For this exercise, output exactly and only the lines running from the one with "Besatz im Aquarium" through the final line of the data below, without pictures.

• **Stored records**:
=======

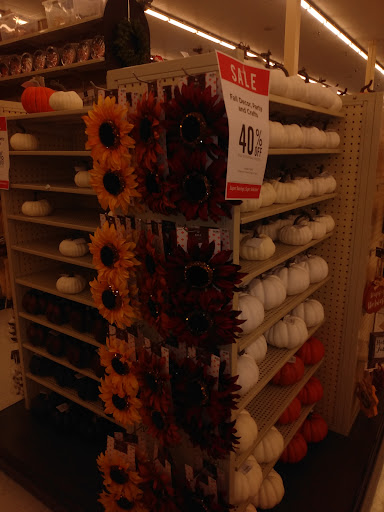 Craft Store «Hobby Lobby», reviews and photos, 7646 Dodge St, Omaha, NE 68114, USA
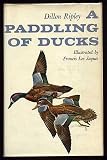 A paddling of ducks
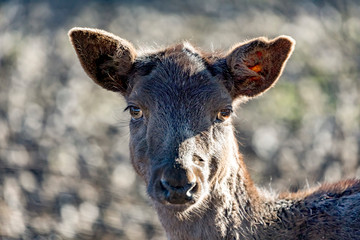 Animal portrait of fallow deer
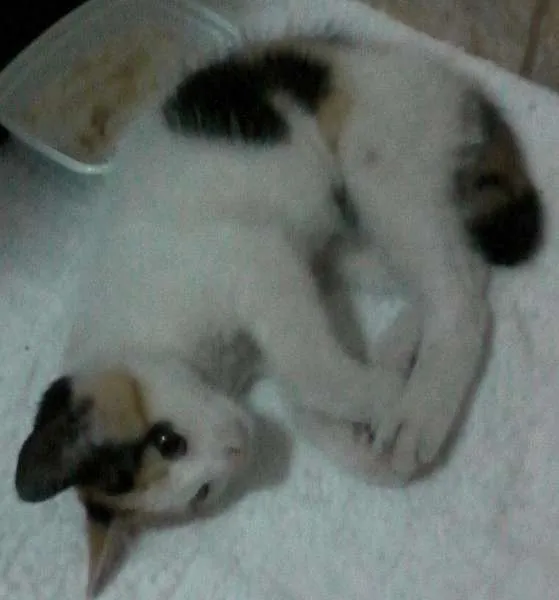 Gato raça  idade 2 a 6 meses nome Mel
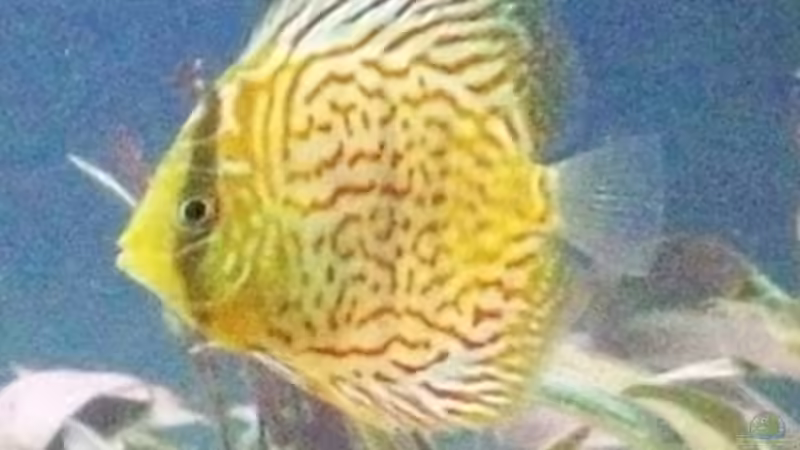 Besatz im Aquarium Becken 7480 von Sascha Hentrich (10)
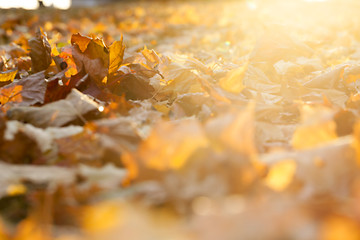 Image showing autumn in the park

=======

• **Response to this task**:
 Besatz im Aquarium Becken 7480 von Sascha Hentrich (10)
 Image showing autumn in the park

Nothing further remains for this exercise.